ERDOĞAN daha ne desin? Son
grup toplantısında yaptığı konuşmasında, Cuma günü (yarın) yapılacak oylamayla,
komisyon bu konudaki kararını alacak ve komu
oyuna açıklayacak demedi mi? Dedi tabi.
ERDOĞAN, daha ne desin?
CHP olarak sizler, komisyonda
görev alan AKP'li üyelerin ERDOĞAN'ın talimatıyla oy kullanacaklarını, ERDOĞAN'ın
talimatının bir milim dahi dışına çıkamayacaklarını nasıl bilemiyorsunuz?
Demek ki; AKP'li komisyon
üyeleri, kullanacakları oyların rengiyle,
ERDOĞAN'ın bu konudaki görüşünü açıklamış olacaklardır. Hele biraz bekleyin.
Kaldı ki; CHP olarak, göbeğiniz ERDOĞAN'ın göbeğine mi bağlı
sizlerin, o mu size yön verecek? Yan çizer gözükse de, rengini açıkça belli
etmese de, ERDOĞAN'ın bu konudaki rengi ve düşüncesi, doğal olarak belli.
CHP; sanırım mahalle
baskısının altında ezilmiş ve bu konuda
ne yapacağını bilemez durumda.
CHP; baştan hata yapıp
komisyona dahil olmasaydı, bugün, İmralı'ya gidilip gidilmemesi konusunda
komisyonda yapılacak oylamaya katılıp katılmayacağına karar vermek durumunda
kalmayabilirdi, ancak daha en başta iddialı sözlerle komisyona katılıp üye
vermekle, en büyük hatayı baştan yapmış
ve şimdi partinin muhtemel oy kayıplarını düşünerek bocalamaktadır.

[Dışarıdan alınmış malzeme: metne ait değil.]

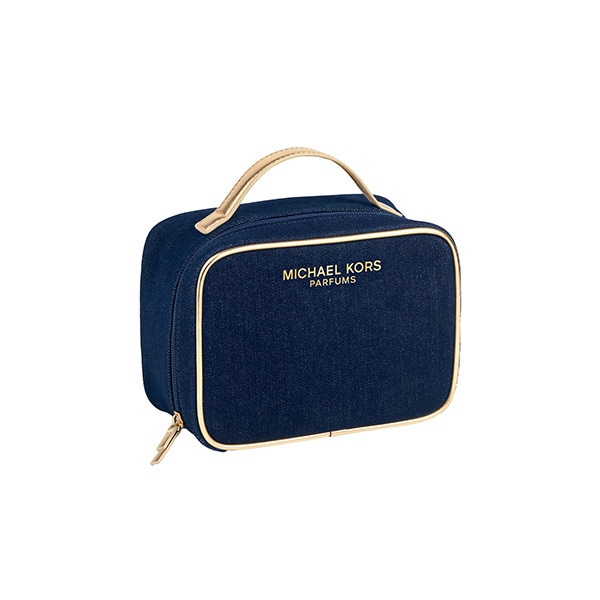 Michael Kors Womens Travel Make Up Bag Gwp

Kardeşim sen CHP olarak, CHP'nin
yer aldığı değil, asıl yer almadığı komisyonlar daha tehlikelidir diyerek
komisyona katılmaya ve üye vermeye karar verdiğine göre, bu kararın muhtemel
rizikolarını da baştan düşünmek zorundaydın.
Komisyona madem katıldın, komisyonun
İmralı'ya gidip gitmemesine ilişkin olarak alınacak karar oylamasına da CHP
olarak katılmak zorundasın.
Oylamaya katılırsın, ancak, İmralı'yı muhatap alarak İmralı'nın ayağına
gitmek siyaseten ve vicdanen işine gelmiyorsa, gidilmemesi konusunda olumsuz oyunu
kullanırsın.
Komisyonun karar alma
kurallarına göre; gidilmemesi yönünde
karar çıkarsa mesele kalmaz. Ancak, karar olumlu çıkar ve İmralı'ya gidilmesi
konusunda oy çokluğuyla karar çıkarsa da, en başından komisyona katıldığına
göre, komisyonun kararına saygı
göstererek İmralı'ya da gidersin ve orada olacaklara, yapılacak görüşmelere
tanıklık yaparsın, gerekirse bazı müdahalelerde, çekincelerde bulunursun. Yani,
komisyonda olmamız değil, olmamamız daha sakıncalıdır demiştiniz ya, işte
İmralı’daki görüşmelerde de hazır bulunarak olası sakıncalara panzehir olursun.
Bu yazıyı okuyacak peşin
hükümlü ve fanatik CHP'lilere peşinen
söyleyeyim, ben de bir CHP seçmeniyim, komisyondaki oylamaya katılarak olumsuz
oy kullanmalarına rağmen İmralı'ya gidilmesine yönelik olarak oy çokluğuyla
alınacak karara engel olamazlar ve hatta İmralı'ya gidecek olsalar da, oy'um
yine helalinden CHP'nindir.
CHP baştan aldığı yanlış
kararla komisyona dahil olduğuna göre, oy kaygısına düşmemeli, komisyondaki
oylamaya katılmalı, oylamadan İmralı'ya gidilmesi kararı çıkarsa gitmeli ve o
görüşmelere tanıklık etmelidir. İlkeli ve cesur siyaset bunu gerektirmektedir.